Обсуждение: domain_in performance considerations

Поиск
Список
Период
Сортировка

domain_in performance considerations

От
Tom Lane
Дата:
Neil Conway wrote some pretty nice things here:
http://www.advogato.org/person/nconway/diary.html?start=26
but commented
> It would be worthwhile to investigate whether this results in a
> performance regression, though: there's no easy way to cache the
> executor machinery needed to evaluate a CHECK constraint in this
> design, whereas the prior design allowed each call-site to implement
> its own EState caching.
which echoes some performance worries I'd expressed in the original
proposal back here:
http://archives.postgresql.org/pgsql-hackers/2005-07/msg00320.php

I wanted to mention a couple of things for the archives, before they
fade from short-term memory:

The patch-as-committed arranges to cache the results of
GetDomainConstraints, which I think is the worst performance hit
involved, since it requires at least one and possibly several indexscans
of the pg_constraint system catalog.  The cache has lifetime equal to
the caller's caching of FmgrInfo for the domain_in function, which is
ordinarily query-lifespan, which I think is about right.  And the output
of GetDomainConstraints is just a palloc'd node tree, so it'll go away
when the memory context containing the FmgrInfo is freed.  So I don't
see any particular issues there.

What is not so pleasant is that the domains.c code instantiates and
destroys an EState and subsidiary structure for each call, if there are
any CHECK constraints to be checked.  This is normally only a few
malloc's, so it's not *that* big a deal, but it could easily be a
performance-limiting factor.

It would be just a small change to make the code cache the EState across
calls, saving a link to it in the FmgrInfo, but I am worried about that.
If the EState's query context is made to be a child of the memory
context containing the caller's FmgrInfo, then there is no problem as
far as memory management goes --- destroying that parent context will
make all the memory associated with the EState go away.  The problem is
that an EState might have other open resources, principally buffer pins,
and there would not be any clean way to close down those resources when
the EState is no longer needed.  We don't have any sort of shutdown
callback that domain_in could make use of in the general case.

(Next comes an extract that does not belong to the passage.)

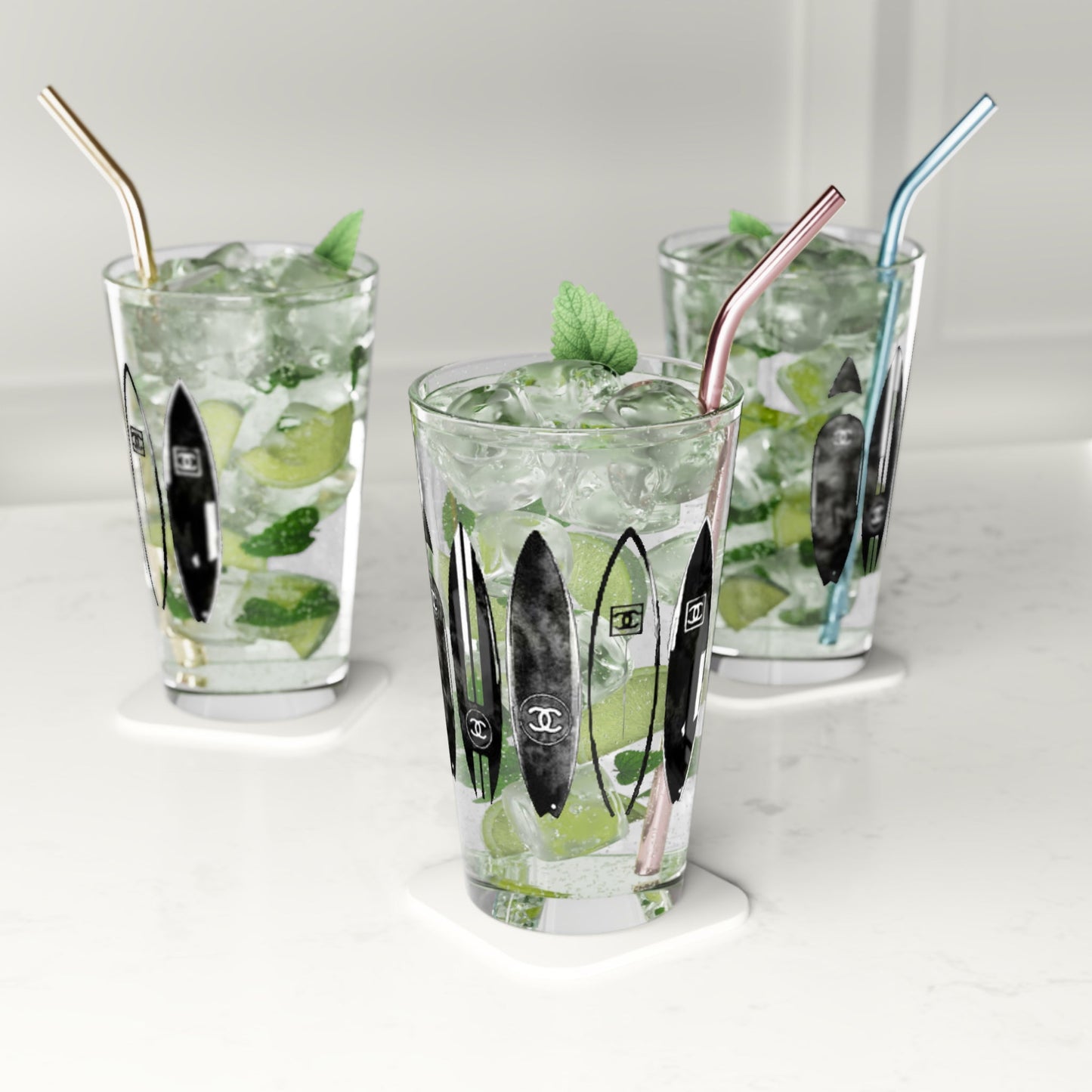 Glass Pint 16oz surf by Mariu del Campo. - Mariu del Campo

It's possible that caching the EState would be OK without any shutdown
callback, because I suspect that an EState used only for legal CHECK
constraint expressions (which may not contain sub-selects) would own no
non-memory resources.  But it'd take some effort to verify that, and it
seems like a pretty fragile assumption over the long haul anyway.

Another idea I had looked at seriously was to make callers of input
functions pass in an EState if they had one available (this could be
done via the "context" field we already have in FunctionCallInfoData).
However, inspection of the existing callers of input functions showed
that that'd only readily work for COPY.  We could maybe have made it
work for plpgsql, but I had a lot of questions as to whether the
available EState would have the right lifespan relative to the FmgrInfo.
Everybody else was out in the cold anyway, because they had no ready
access to any suitable EState.

So I felt that I should commit a version-zero of the patch that I was
pretty confident would *work*, and not get into these dubious
performance-enhancing tweaks.  We can try to spin it up from here,
if needed.  It'd be worth first profiling some domain-intensive queries
and seeing if there's any reason to worry or not.

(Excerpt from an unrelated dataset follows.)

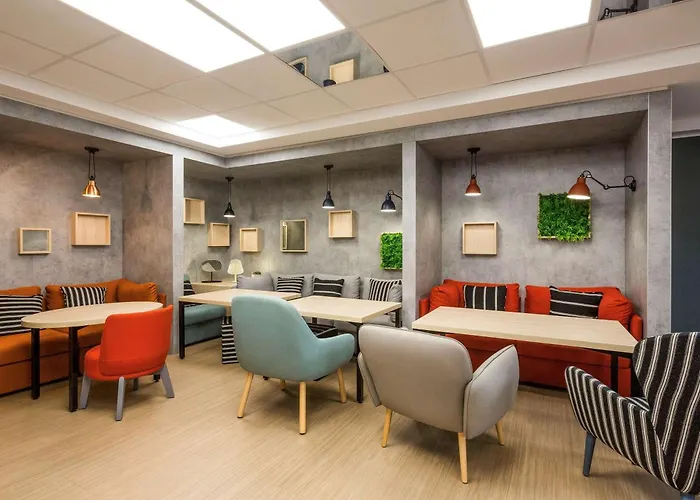 Ibis Centre - Gare Saint-jean Hotel 3*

In any case, I'll fall back on the wisdom of the sage who said
"I can make this program arbitrarily fast ... if it doesn't have to
give the right answer".  Domains are giving measurably more-right
answers today than they were yesterday.  Making 'em fast comes after.
        regards, tom lane


Re: domain_in performance considerations

От
Alvaro Herrera
Дата:
Tom Lane wrote:

Hi,

> It would be just a small change to make the code cache the EState across
> calls, saving a link to it in the FmgrInfo, but I am worried about that.
> If the EState's query context is made to be a child of the memory
> context containing the caller's FmgrInfo, then there is no problem as
> far as memory management goes --- destroying that parent context will
> make all the memory associated with the EState go away.  The problem is
> that an EState might have other open resources, principally buffer pins,
> and there would not be any clean way to close down those resources when
> the EState is no longer needed.  We don't have any sort of shutdown
> callback that domain_in could make use of in the general case.

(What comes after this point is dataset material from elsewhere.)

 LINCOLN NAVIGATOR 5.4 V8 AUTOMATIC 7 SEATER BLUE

This is a shot in the dark, but I remember you commenting awhile back
that there was a way to register a callback to be called on memory
context reset or delete.  I wonder if it would be possible to create a
separate ResourceOwner for the EState, and save the EState in a certain
memory context so that a callback would release the buffer pins or
whatever.

-- 
Alvaro Herrera                                http://www.CommandPrompt.com/
PostgreSQL Replication, Consulting, Custom Development, 24x7 support


Re: domain_in performance considerations

От
Tom Lane
Дата:
Alvaro Herrera <alvherre@commandprompt.com> writes:
> This is a shot in the dark, but I remember you commenting awhile back
> that there was a way to register a callback to be called on memory
> context reset or delete.

AFAIR there's no such thing associated with memory contexts per se.
There is one for EStates, but that requires access to an outer EState,
which is exactly what we lack for the other solution too.

I wonder though if we shouldn't invent one for memory contexts.  Maybe
even replace the EState-specific shutdown callback with mcontext cleanup
on its query context?
        regards, tom lane